+++ Records to process

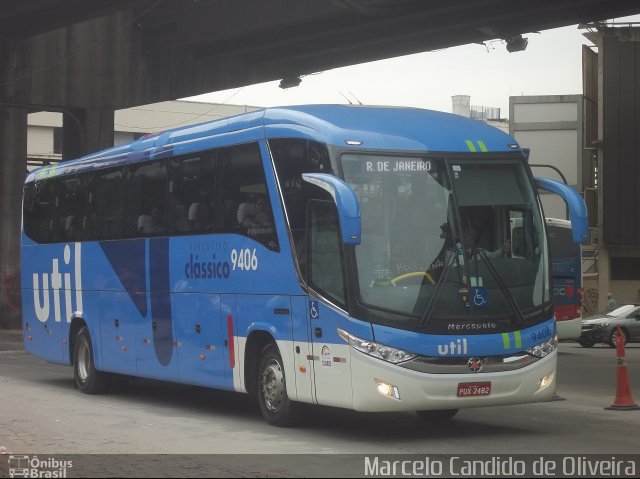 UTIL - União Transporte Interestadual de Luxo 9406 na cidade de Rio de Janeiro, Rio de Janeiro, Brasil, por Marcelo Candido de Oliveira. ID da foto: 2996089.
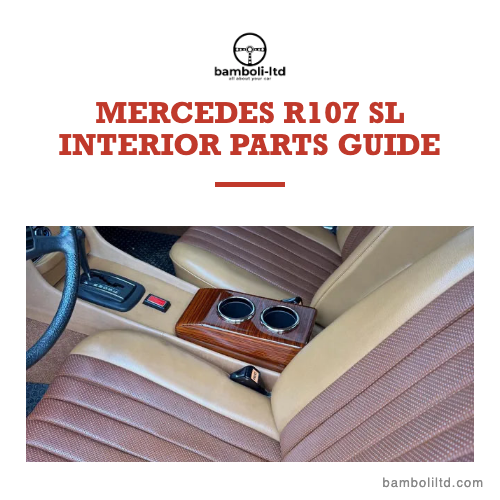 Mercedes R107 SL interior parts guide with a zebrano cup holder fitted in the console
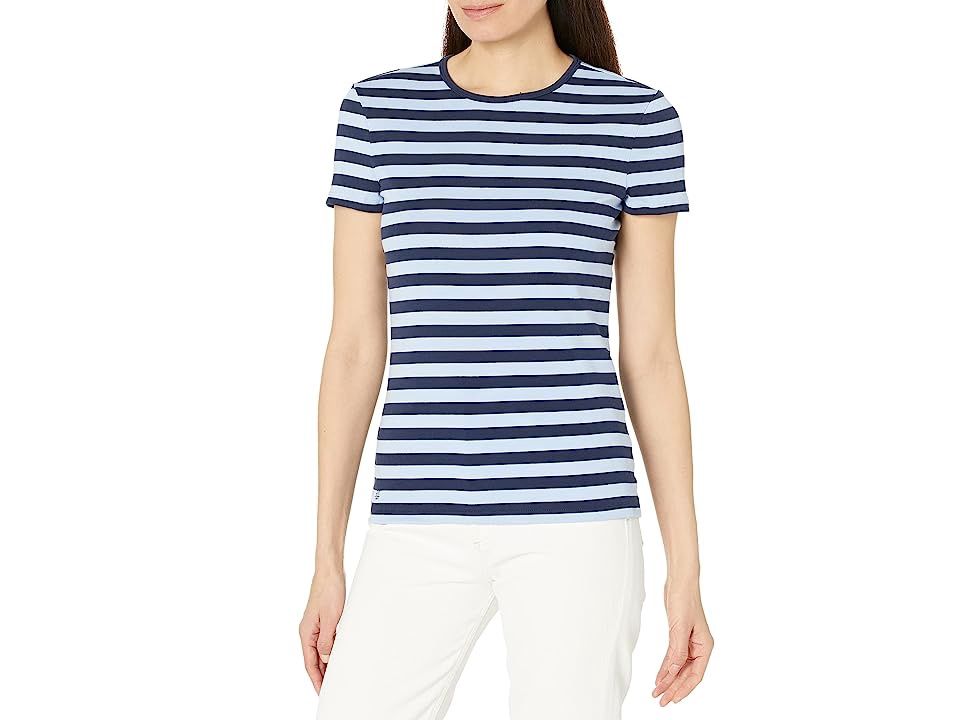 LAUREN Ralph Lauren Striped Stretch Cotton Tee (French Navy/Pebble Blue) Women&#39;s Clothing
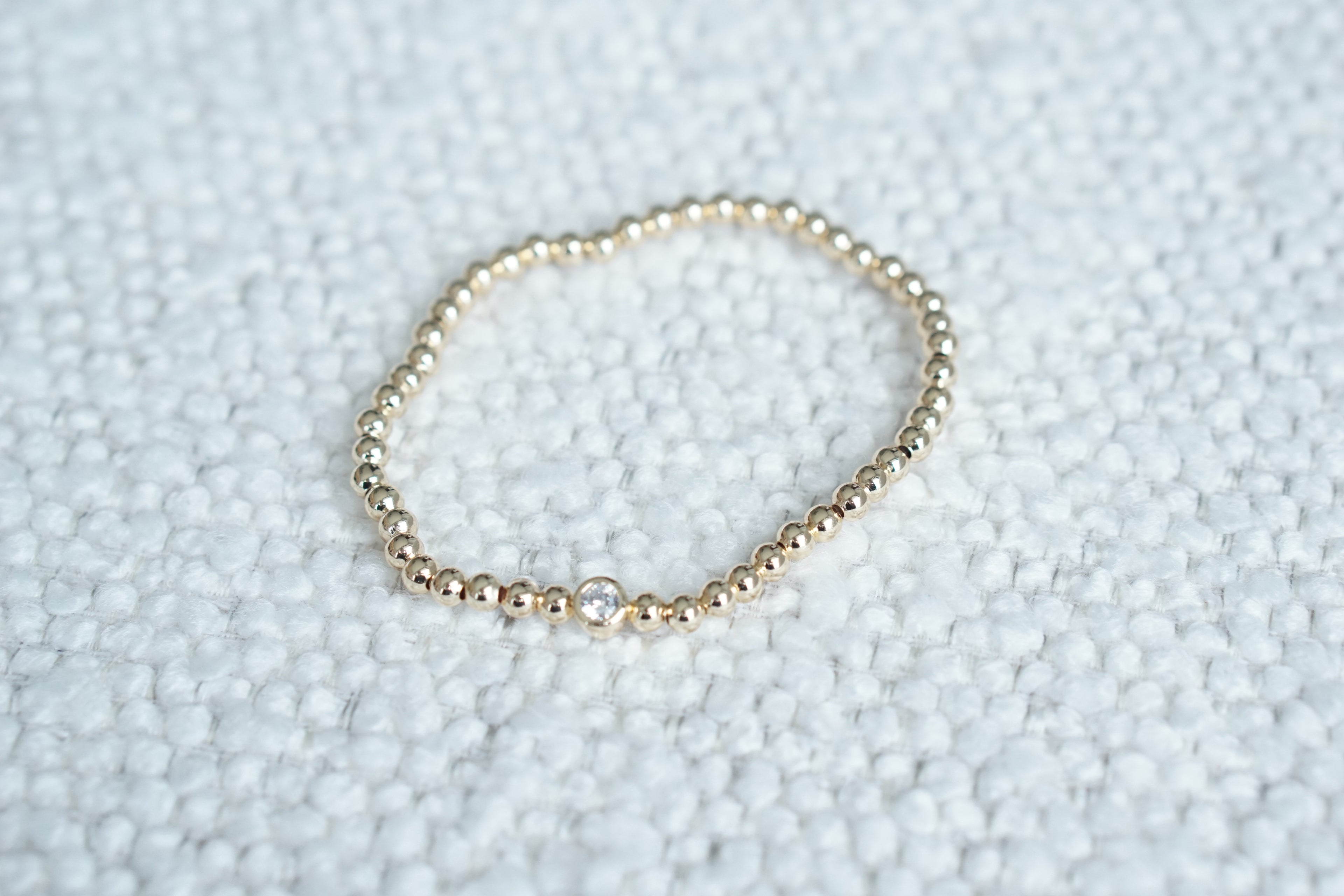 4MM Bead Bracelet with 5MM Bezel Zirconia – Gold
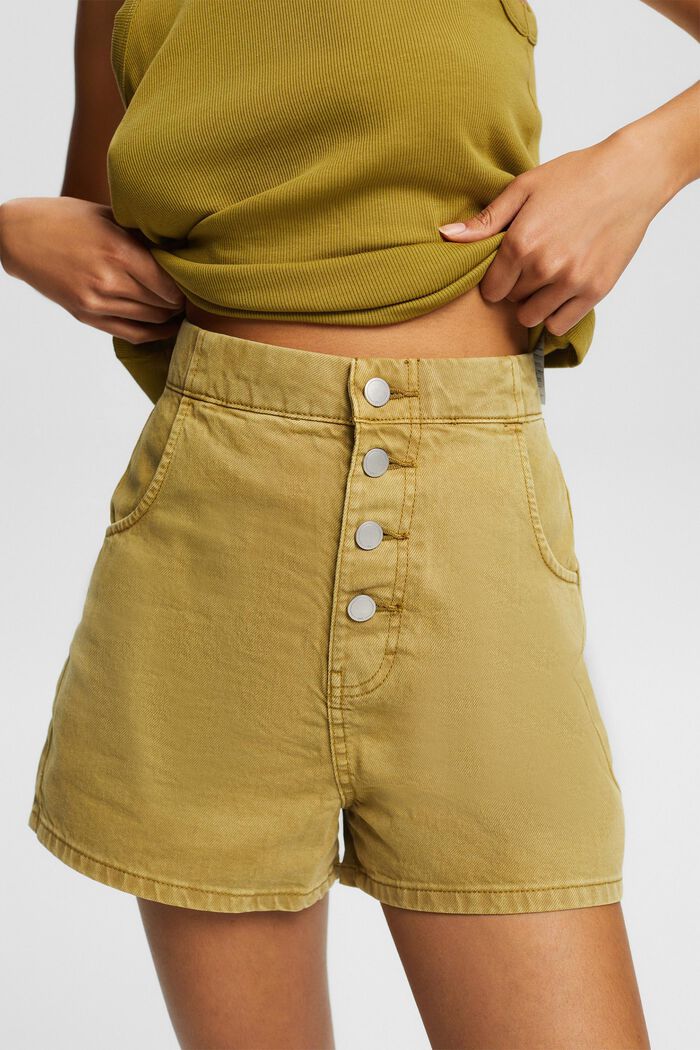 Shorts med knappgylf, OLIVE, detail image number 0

++++++
+++ Records to process

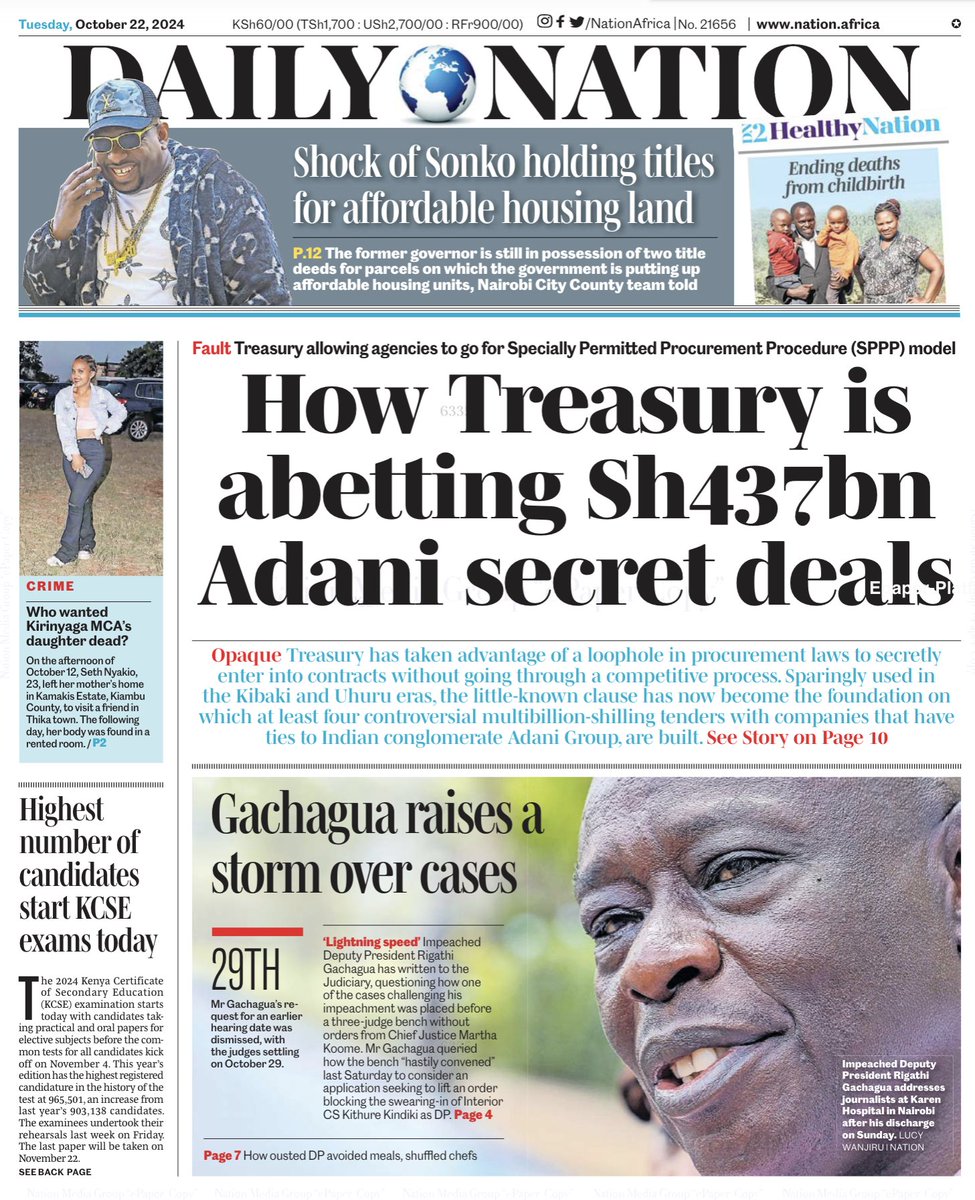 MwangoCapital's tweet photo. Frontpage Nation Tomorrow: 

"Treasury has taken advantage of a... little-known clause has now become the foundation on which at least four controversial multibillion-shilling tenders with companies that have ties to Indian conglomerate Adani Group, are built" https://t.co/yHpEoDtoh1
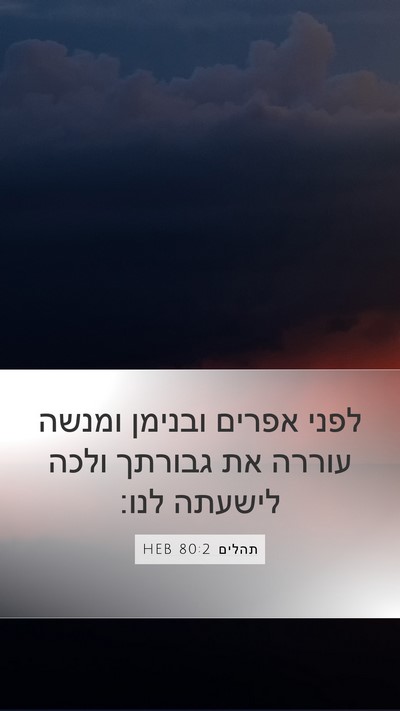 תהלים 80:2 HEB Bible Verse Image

++++++
+++ Records to process

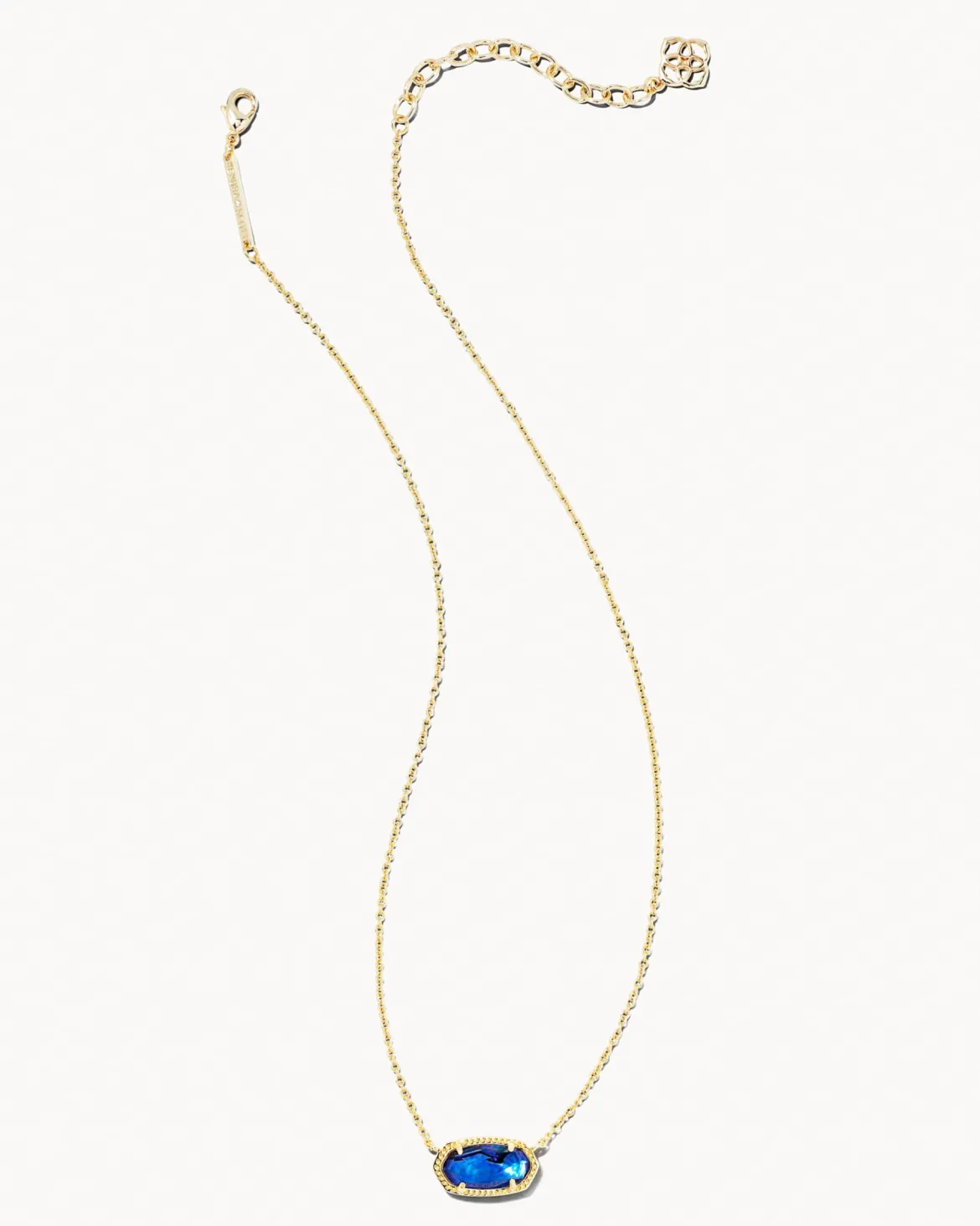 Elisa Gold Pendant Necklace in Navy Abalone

++++++

Directions
In the data above, find the line containing "UTIL - União" and the line containing "Shorts med knappgylf, OLIVE, detail". Repeat those two lines and everything between them exactly, minus the pictures.

Response box
 UTIL - União Transporte Interestadual de Luxo 9406 na cidade de Rio de Janeiro, Rio de Janeiro, Brasil, por Marcelo Candido de Oliveira. ID da foto: 2996089.
 Mercedes R107 SL interior parts guide with a zebrano cup holder fitted in the console
 LAUREN Ralph Lauren Striped Stretch Cotton Tee (French Navy/Pebble Blue) Women&#39;s Clothing
 4MM Bead Bracelet with 5MM Bezel Zirconia – Gold
 Shorts med knappgylf, OLIVE, detail image number 0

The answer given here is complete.